Esses ambientes são equipados com tecnologias avançadas e medidas rigorosas de controle de acesso para proteger contra ameaças físicas e digitais. Para acessar tais dados, o pesquisador deve submeter seu projeto de pesquisa no site do centro para avaliação e aprovação — processo do qual participa o parceiro, no caso o iFood.
“Esta parceria, que chegou a nós por intermédio do Insper Cidades, é extremamente importante. Os dados do iFood podem embasar estudos dos mais relevantes”, diz Suelane Garcia, coordenadora técnica do Centro de Dados e IA e Data Protection Officer (DPO) da escola. “Zelamos pela governança, garantindo que todas as questões de sigilo e confidencialidade sejam preservadas. Temos processos, protocolos, toda uma dinâmica estabelecida para contribuir com a comunidade acadêmica, garantindo a segurança para as empresas.”
Com a parceria, pesquisadores acadêmicos poderão solicitar acesso a diferentes agrupamentos de dados. Entre eles se incluem:
1. Telemetria e ganhos
Informações sobre hora trabalhada e ganhos, coletados da tabela interna de telemetria do iFood, que gera dados de latitude, longitude e velocidade a partir dos dispositivos dos entregadores quando eles estão online. A precisão dos dados depende da qualidade do sinal GPS, do tipo de dispositivo e do nível de bateria. Por isso, foi aplicado um filtro para capturar apenas drivers com uma acurácia de 50%.
2. Velocidade média em São Paulo
Dados da velocidade média em rota dos entregadores na cidade de São Paulo. Eles podem ser utilizados para diversas finalidades, incluindo pesquisas sobre a efetividade da Faixa Azul na mobilidade urbana e na eficiência das entregas. Também podem ajudar na tomada de decisões relacionadas ao planejamento e melhoria da infraestrutura viária. E, ainda, contribuir para estudos sobre segurança no trânsito, identificando áreas com maior risco de acidentes.
3. Programa Decola
Informações sobre os entregadores que participaram do programa Decola, uma plataforma de aprendizagem gratuita para entregadores parceiros iFood. Os conteúdos estão divididos em categorias que abordam temas essenciais para o dia a dia de entregas, com o objetivo de gerar mais proveito da plataforma e consequente melhora nas condições de trabalho e ganhos.
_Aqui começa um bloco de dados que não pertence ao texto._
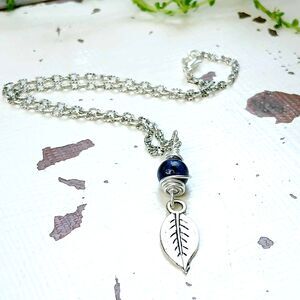 Dainty Sodalite Crystal Choker Necklace, Minimalist Gemstone Leaf Jewelry, 14"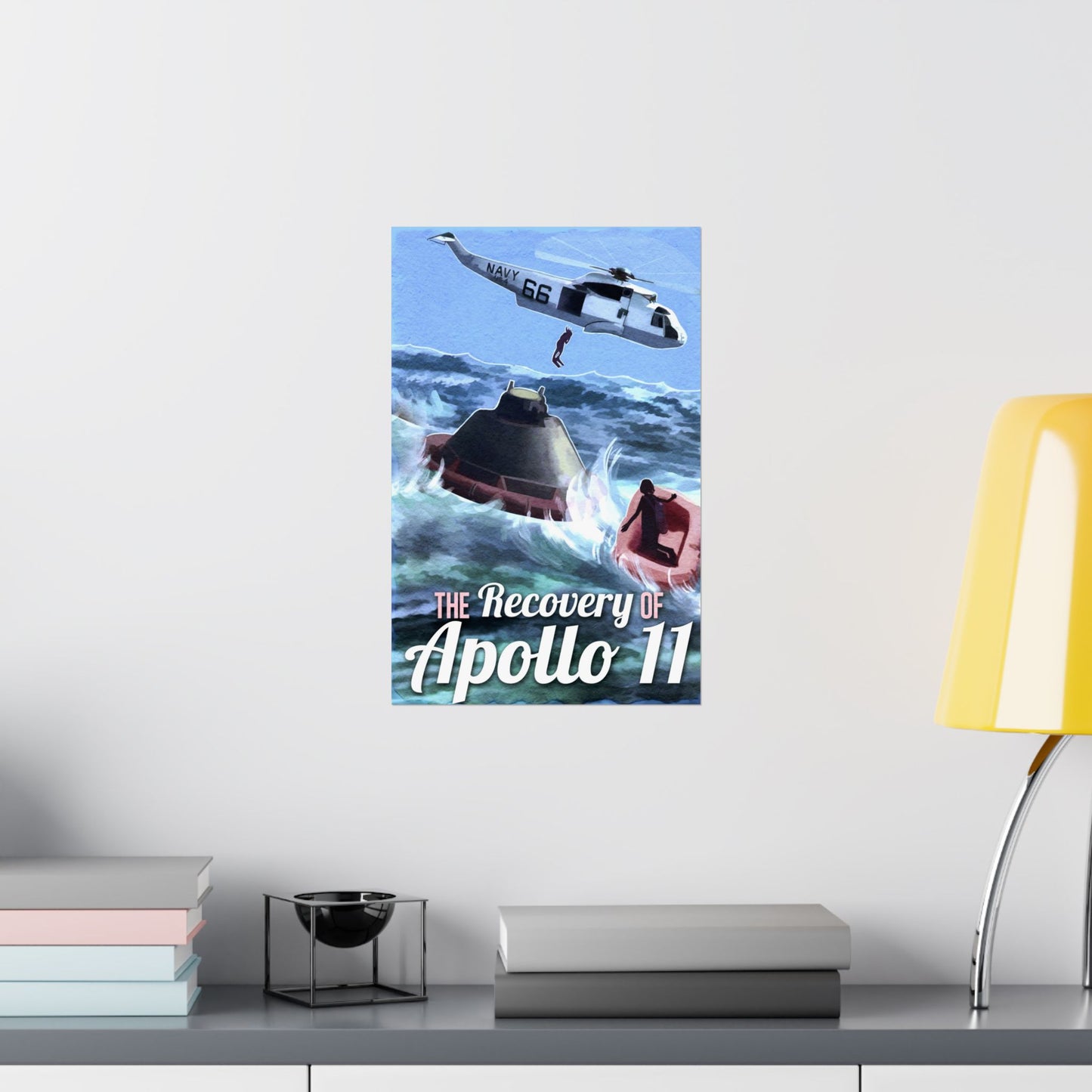 Apollo 11 Recovery Vertical Poster - Vintage Art Print for Space Enthusiasts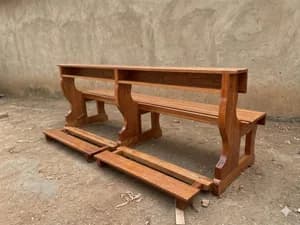 Church Pew with Communion Step – 7ft Solid Mahogany Wood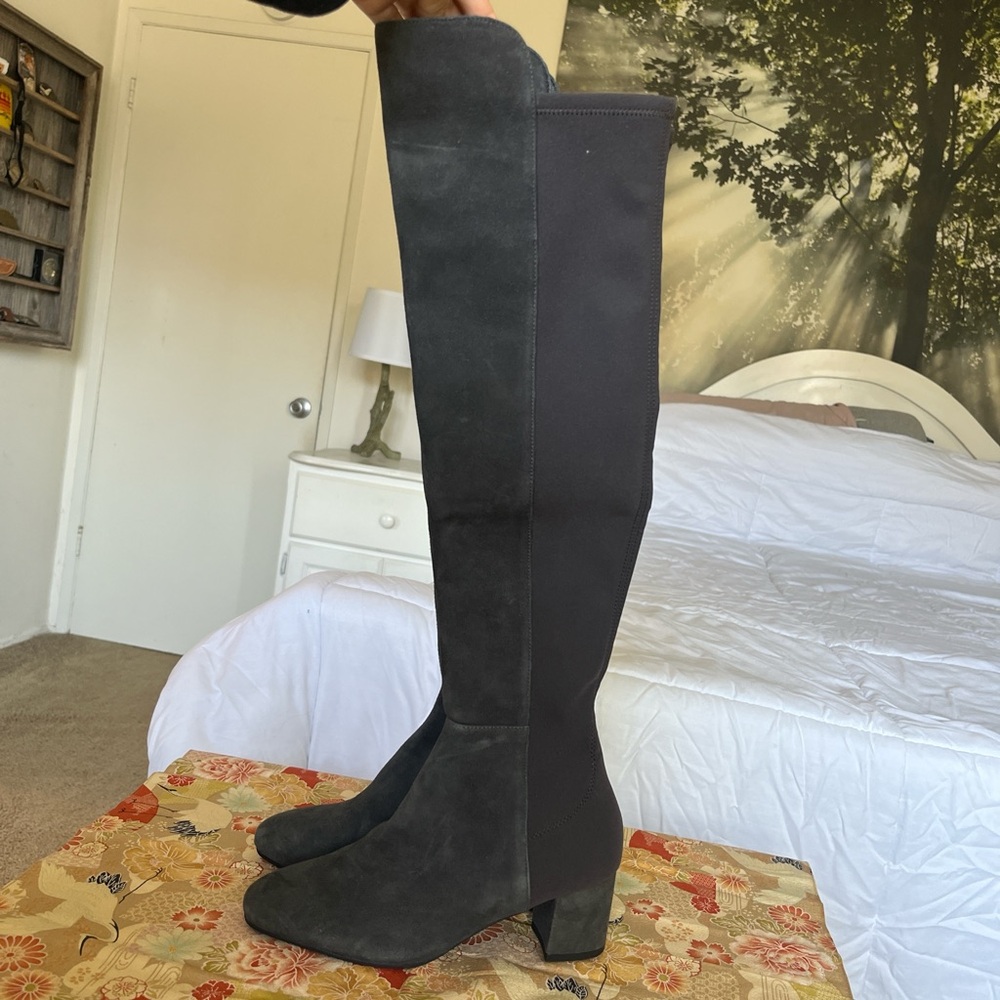 Stuart Weitzman charcoal gray suede over the knee boots, never worn. Size 5.
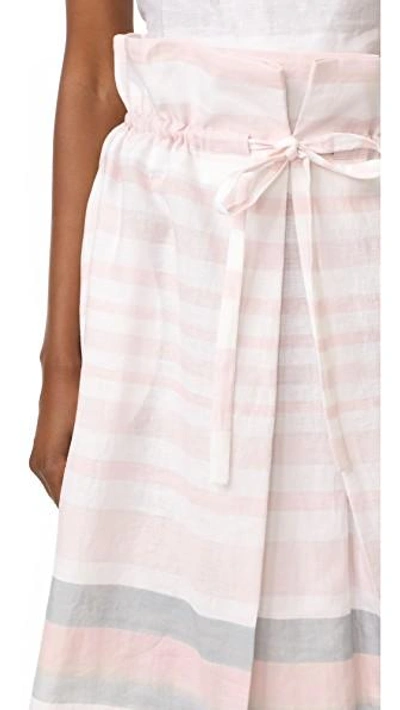 Shop Mara Hoffman Paper Bag Midi Skirt In Pastel Stripe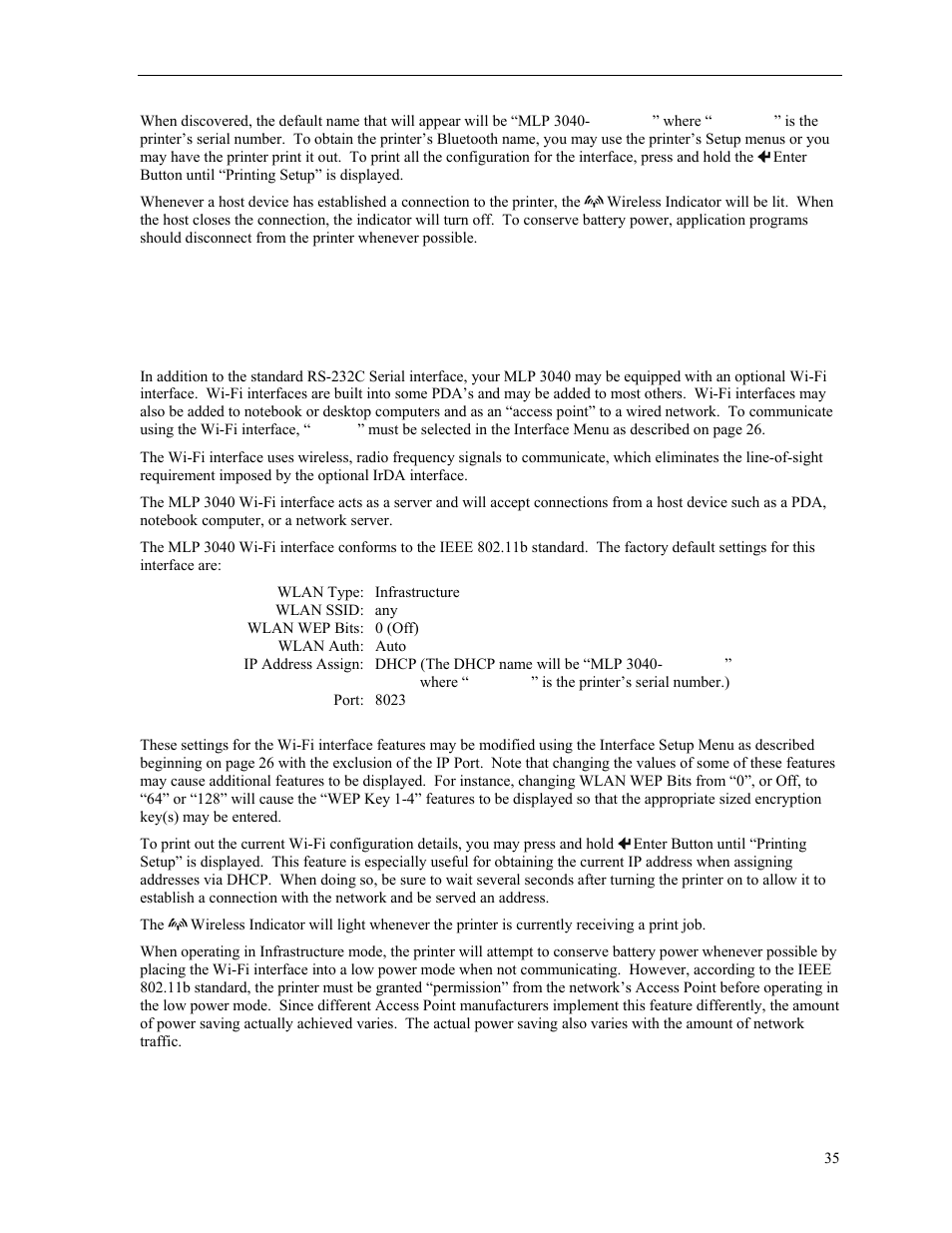 Wi-fi® interface, Wi-fi, Interface | Psion Teklogix MLP 3040 Series User Manual | Page 41 / 65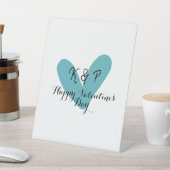 Happy Valentine's day turquoise heart name letter  Sockelschild (In SItu)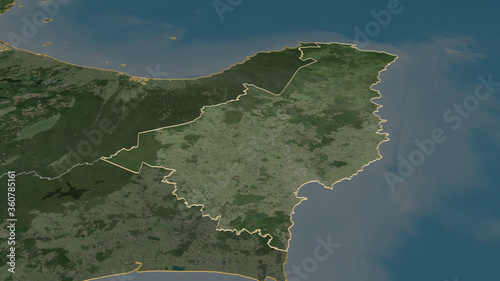 Gisborne, New Zealand - outlined. Satellite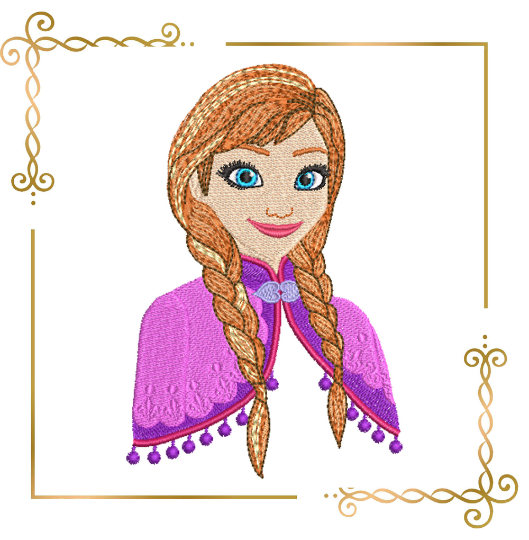 Princess Anna Frozen snowflakes Disney character digital embroidery design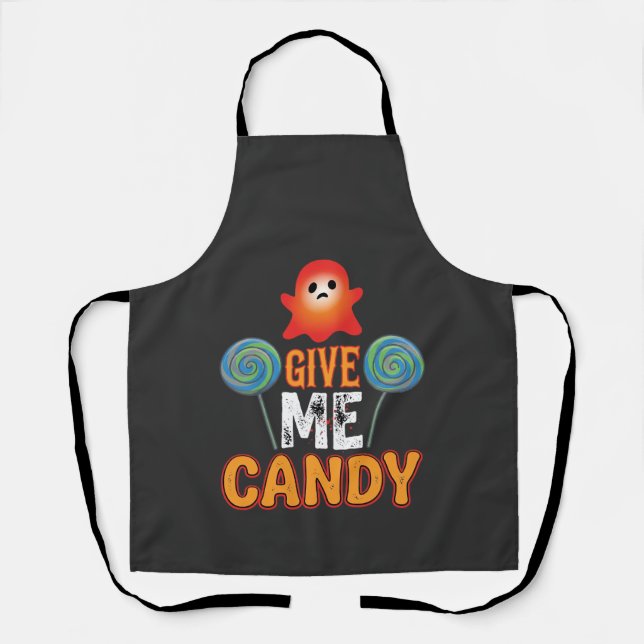 Give Me Candy Halloween Ghost_1 Apron (Front)
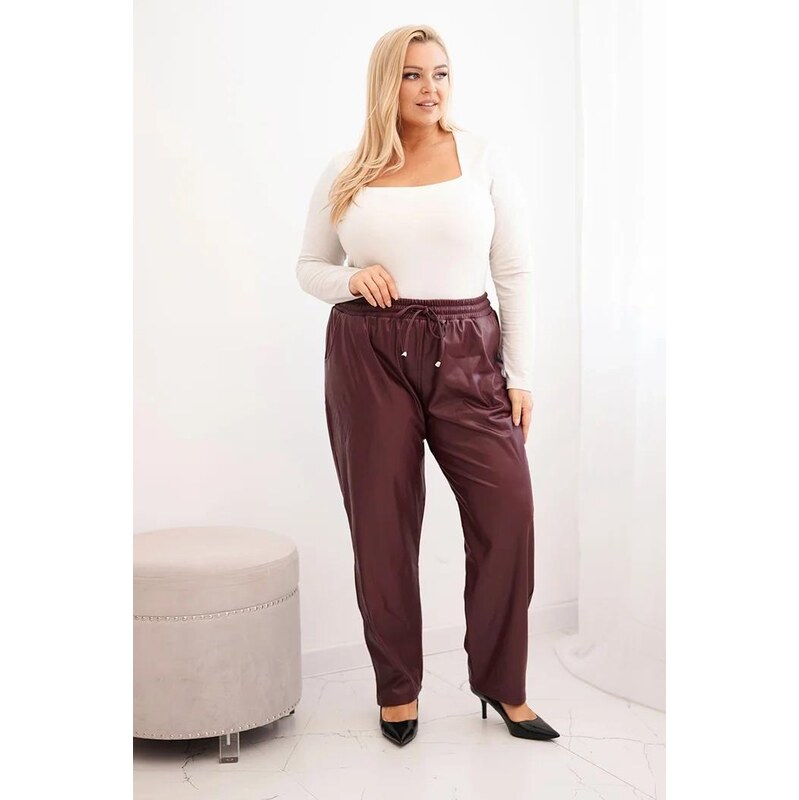 MladaModa Zateplené oversize kalhoty z ekokůže s vysokým pasem model 109589761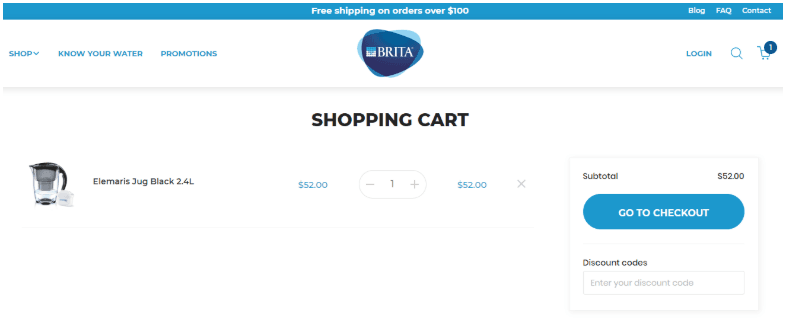 Shopping cart page of Brita Image: Screenshot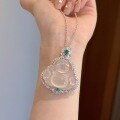 wholesale S925 Sterling Silver Icy Chalcedony Agate Jadeite Laughing Buddha Pendant Necklace, New Chinese Style Design-0-2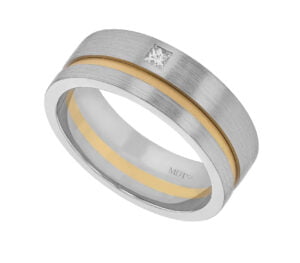 A white gold and yellow gold wedding band with a small square diamond set in the centre and the letters "MDT" engraved on the inside, perfect for men in Melbourne.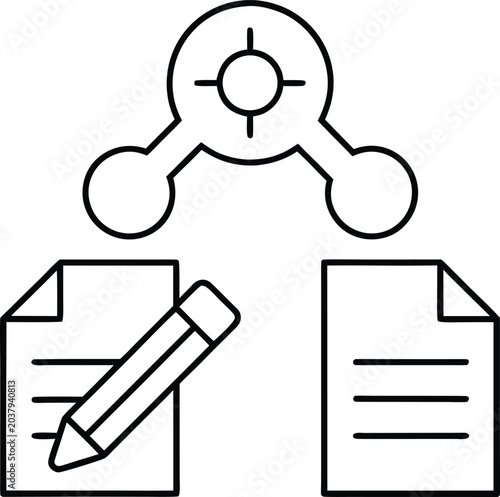 causal inference line art vector illustration on transparent background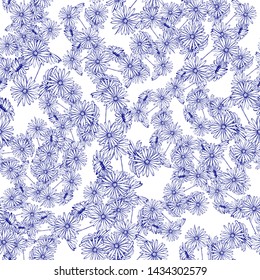 Flower graphic design. Cute seamless vector tile pattern. Retro vintage. line chamomile design.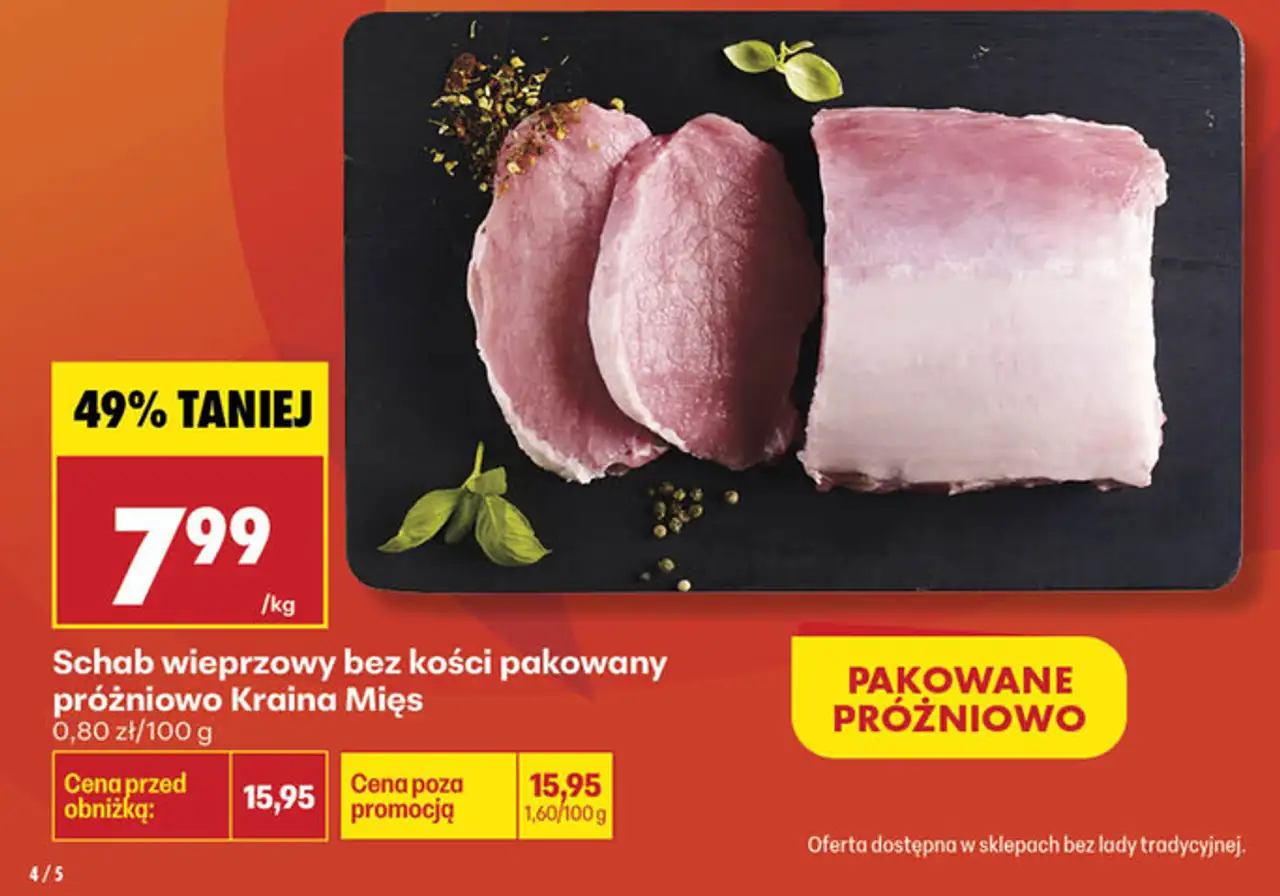 Schab wieprzowy bez kości pakowany próżniowo Kraina Mięs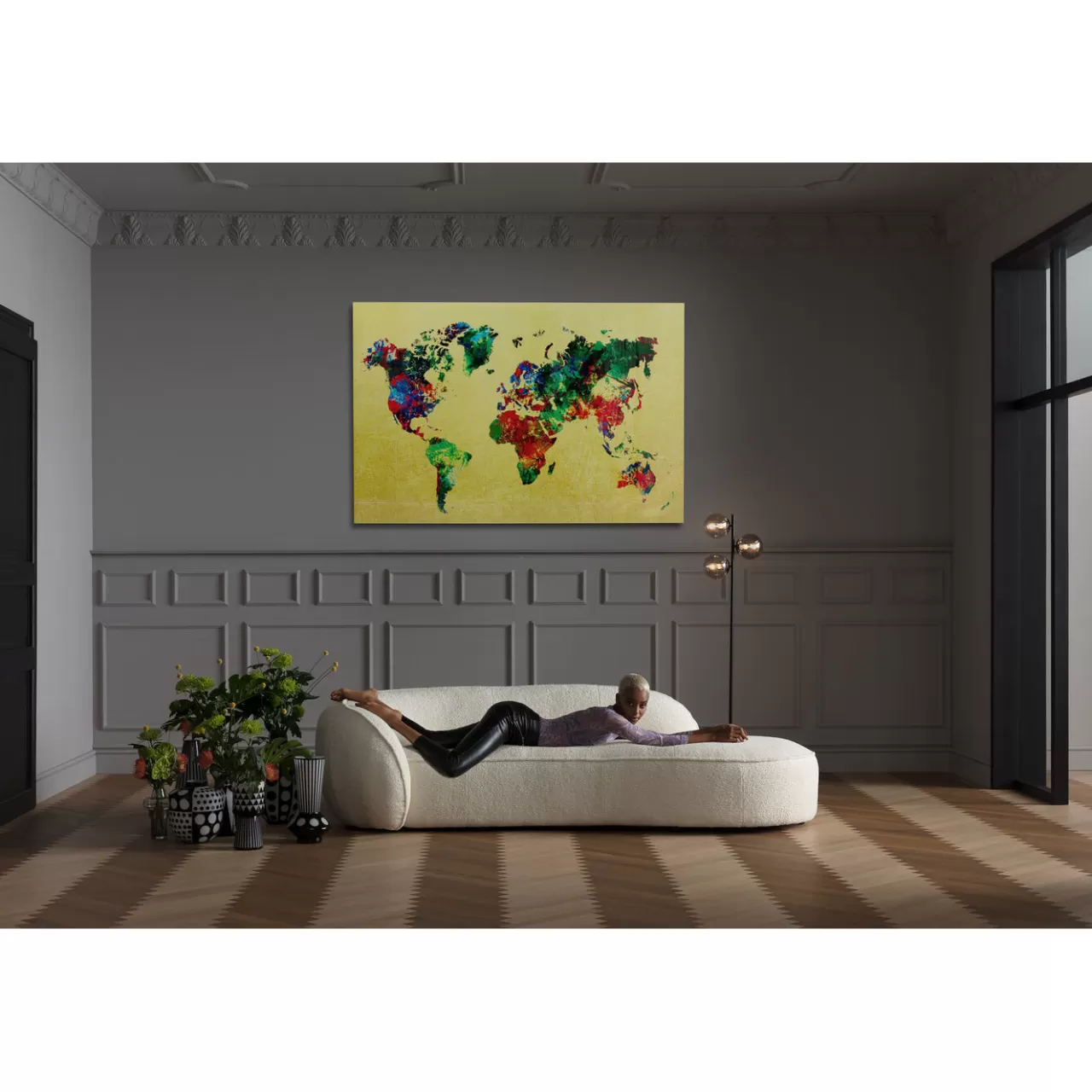 Tableau En Verre Metallic Colourful Map 150X100Cm*KARE Design Best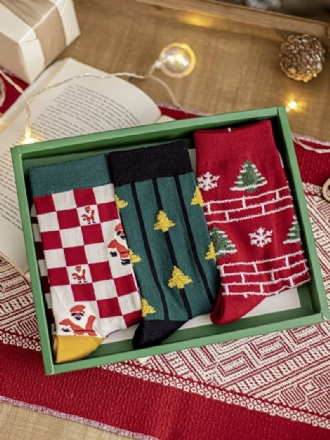 Socken Rote Baumwollmischung Mit Weihnachtsmuster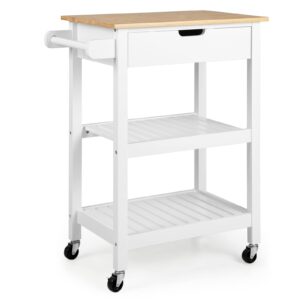 giantex kitchen island cart with storage, rolling bamboo kitchen cart on wheels, w/pull-out drawer, towel handle, 2 open shelves, mobile coffee bar cart for dining room living room (white & beige)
4. Programa Meu Diploma do Ensino Médio
Dados sobre o programa Meu Diploma do Ensino Médio (MDEM), uma iniciativa do iFood em parceria com a edtech Termine Seus Estudos e Descomplica. O programa oferece uma bolsa de estudos completa, 100% gratuita, com tutoria, aulas ao vivo e gravadas e suporte via WhatsApp para ajudá-los a se prepararem para a prova do Exame Nacional para Certificação de Competência de Jovens e Adultos (Encceja) e concluir o ensino médio.
No caso das bases de dados do Decola e do MDEM, é viável desenvolver uma série de linhas de estudos. Por exemplo, pesquisadores podem avaliar o impacto do programa na renda, no mercado de trabalho, nas desigualdades educacionais, na mobilidade social e na saúde dos entregadores, além de realizar cruzamentos com bases de dados do Instituto Nacional de Estudos e Pesquisas Educacionais Anísio Teixeira (Inep) e da Relação Anual de Informações Sociais (Rais).
É possível também realizar pesquisas longitudinais, estudando a evolução dos entregadores no mercado de trabalho após a conclusão dos programas educacionais. Os pesquisadores podem também desenvolver análises estatísticas de tendências, avaliando o impacto das iniciativas do iFood sobre diferentes demografias, como idade, gênero, região, entre outros. Podem ainda analisar como diferentes grupos de entregadores se beneficiam dos programas, comparando os resultados entre grupos com diferentes características demográficas e socioeconômicas para identificar possíveis desigualdades e áreas de melhoria.